Ben sevdikleri tarafından lanetlenen ya da sevdiği insanlara lanet olmuş o yıkık harabeydim. "Seni çok arıyorum." elim gitmiyordu bir yudum suya. Sevincim içimde boynu bükük bir çocuk olarak kalmıştı. İlgilensen de başı yerden kalkacak gibi değildi.

İnternette dolaşan bir videonun haberi gelmişti. Bu haber sadece bir olay değil, binlerce hayatın bitmesine sebep olacaktı. "Ben, bu saatten sonra bu işi yapamam. Bana sığınan tek bir tane kızı bile koruyamadım. Ben..." onun katilini bulamayacağım.

Yetenekli değildim, o olmadan hiçbir şeyi çözemezdim. Sebep olanları bilmek neye yarardı? Belki de çoktan yurt dışının toprağına ayak basmışlardı. İşe yaramaz hissediyordum. Sesini duyduğum anda "Durdur!" dedim.

O çaresiz seste hala bir umut vardı hissediyordum. Olay yerinde kimlik var, cesed yok diye sevinirken düştüğüm durum beni deli ediyor. Yaşarken o, kimseye anlatmamıştım. Şimdi o insanın ölümü, herkesin bir adım ötesinde duruyordu "Ben Medyum Lâl, saat gece üç. Bize inanmayan tüm insanların dehşete düşeceği bir kanıt için buradayım. Yanımda gördüğünüz kişi benim deney farem. Kendini tanıt fare."

Bir insanın hayatı bu kadar basitti işte. Ben bu meslekten nefret ediyordum. Çünkü ikisi de etten kemikten olmasına rağmen biri  diğerinin yaşayıp yaşamamasına dahi karar veriyordu.

"Adım Ayza Çakır. Yaşım yirmi. İki yıldır Medyum Lâl adına çalıştım. Fakat onun bir sahtekar olduğunu anlayınca yanından kaçtım. Çocukluğumdan beri ruhları görebiliyorum. Bunun için yanında işe alınmıştım.
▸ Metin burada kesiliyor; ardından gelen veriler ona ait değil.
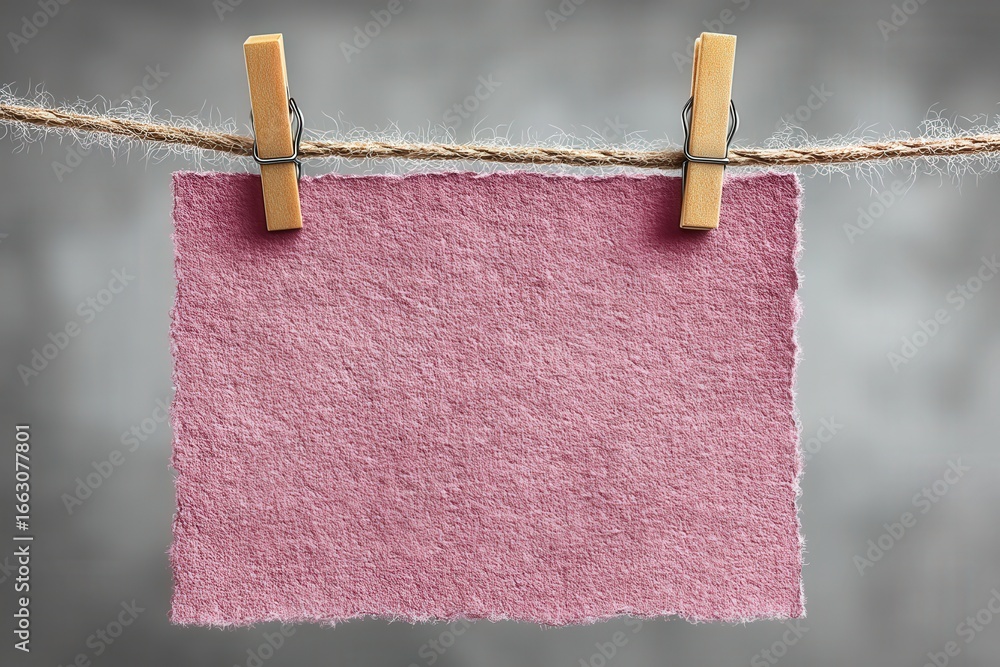 Poster soft pink textured paper hanging on a rustic string with wooden clothespin creating a unique visual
Yakınları ölenlere yardım ediyoruz sanıyordum. Fakat bu iş beni günden güne ölüme sürükledi. Ruhlara her temas edişimde bedenim güçsüz düşüyor ve ölüme biraz daha yaklaşıyordum. Bedenimde fiziksel olarak hassaslıklar oluşmuştu."

Canını yaktıkları her an, canım içimden ayaklanıp gidiyordu.
Ruhlara temas ettiğinde yavaş yavaş ölüyordu fakat bir kere dahi sesini çıkarmamıştı bana "Bilsem..." bilsem bu ona acı veriyor asla istemezdim. Onun canını yakanlardan nefret ederken, onlardan biriymişim haberim yokmuş.